An important part of the structure of collagen is the role of water, which is an integral part of the structure of collagen and hence their chemically modified derivatives (Bienkiewicz, 1990). Privalov, (1982) believed that the hydrogen bonding by water at hydroxyproline is important in stabilizing collagen but thought that the Ramachandran model (Ramachandran and Ramakrishnan, 1976) could not solely explain the high denaturation energy- rather the stabilization probably included wider layers of water. Privalov stated that having in mind the tendency of water molecules to cooperate with their neighbours; it does not seem improbable that the hydroxypropyl can serve as an initiator to an extensive network of hydrogen bonds. This envelops the collagen molecule and might be responsible for the exceptional thermodynamic properties of collagen.

Leather is used for various purposes including clothing, bookbinding, leather wallpaper, and as a furniture covering. It is produced in a wide variety of types and styles and is decorated by a wide range of techniques. Several tanning processes transform hides and skins into leather:

a)      Vegetable tannage:

Vegetable-tanned leather is tanned using tannins and other ingredients found in different vegetable matter, such as tree bark prepared in bark mills, wood, leaves, fruits and roots and other similar sources. It is supple and brown in color, with the exact shade depending on the mix of chemicals and the color of the skin. It is the only form of leather suitable for use in leather carving or stamping. Vegetable-tanned leather is not stable in water; it tends to discolor, so if left to soak and then dry it will shrink and become less supple, and harder.

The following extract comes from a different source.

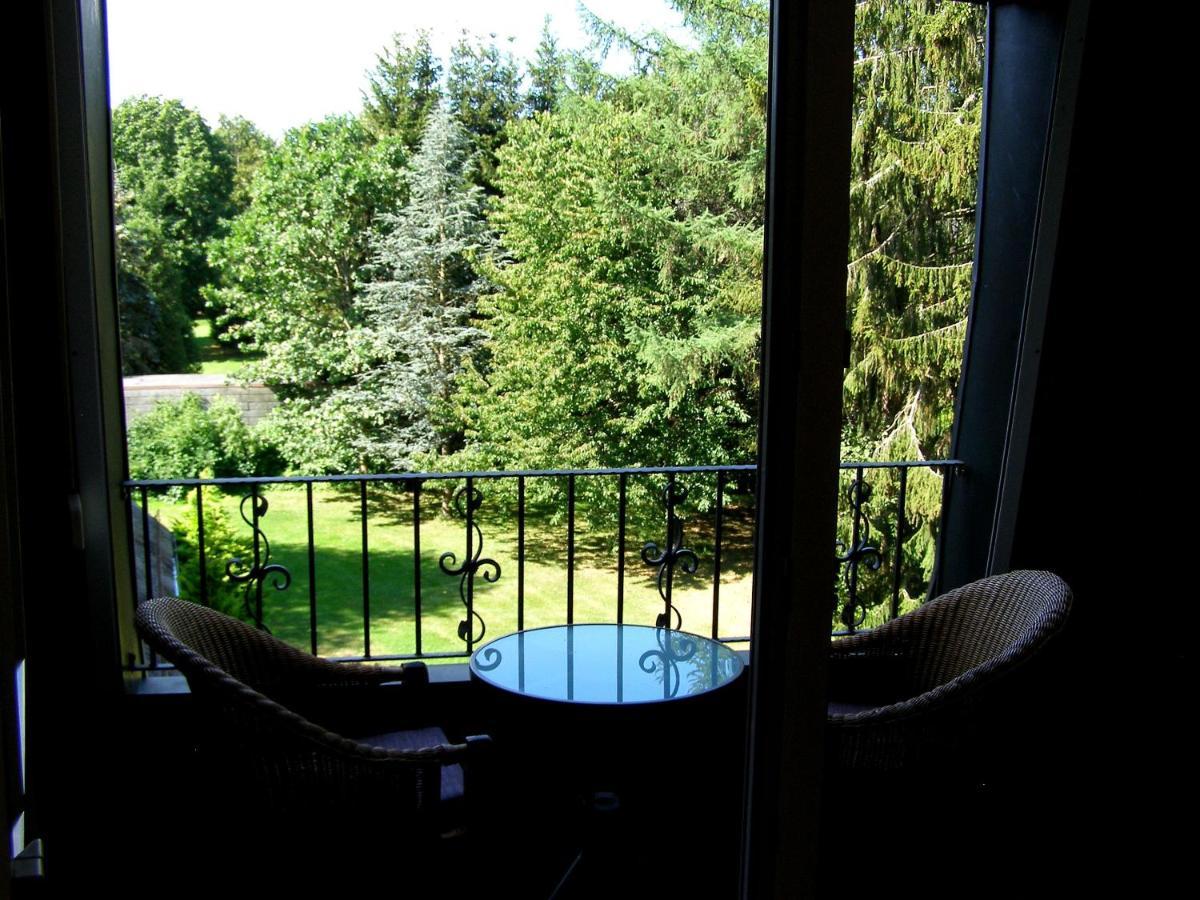 Park-Villa Bad Steben Exteriör bild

In hot water, it will shrink drastically and partly gelatinize, becoming rigid and eventually brittle. Boiled leather is an example of this, where the leather has been hardened by being immersed in hot water, or in boiled wax or similar substances. Historically, it was occasionally used as armor after hardening, and it has also been used for book binding.

b)      Chrome tanning:

Chrome-tanned leather, invented in 1858, is tanned using chromium sulfate and other salts of chromium. It is more supple and pliable than vegetable-tanned leather and does not discolor or lose shape as drastically in water as vegetable-tanned. It is also known as wet-blue for its color derived from the chromium. More esoteric colors are possible using chrome tanning.

c)      Aldehyde tannage:

Aldehyde-tanned leather is tanned using glutaraldehyde or oxazolidine compounds. This is the leather that most tanners refer to as wet-white leather due to its pale cream or white color. It is the main type of "chrome-free" leather, often seen in automobiles and shoes for infants. Formaldehyde tanning (being phased out due to its danger to workers and the sensitivity of many people to formaldehyde) is another method of aldehyde tanning. Brain-tanned leathers fall into this category and are exceptionally water absorbent.

d)     Oil tannage:

Brain tanned leathers are made by a labor-intensive process which uses emulsified oils, often those of animal brains. They are known for their exceptional softness and their

ability to be washed. Chamois leather also falls into the category of aldehyde tanning and, like brain tanning, produces highly water-absorbent leather. Chamois leather is made by using oils (traditionally cod oil) that oxidize easily to produce the aldehydes that tan the leather to make the fabric the color it is. Rose tanned leather is a variation of vegetable oil tanning and brain tanning, where pure rose otto replaces the vegetable oil and emulsified oils. It has been called the most valuable leather on earth, but this is mostly due to the high cost of rose otto and its labor-intensive tanning process.

e)      Syntans:

Synthetic-tanned leather is tanned using aromatic polymers such as the Novolac or Neradol types (syntans, contraction for synthetic tannins). This leather is white in color and was invented when vegetable tannins were in short supply during the Second World War. Melamine and other amino-functional resins fall into this category as well, and they provide the filling that modern leathers often require. Urea-formaldehyde resins were also used in this tanning method until dissatisfaction about the formation of free formaldehyde was realized.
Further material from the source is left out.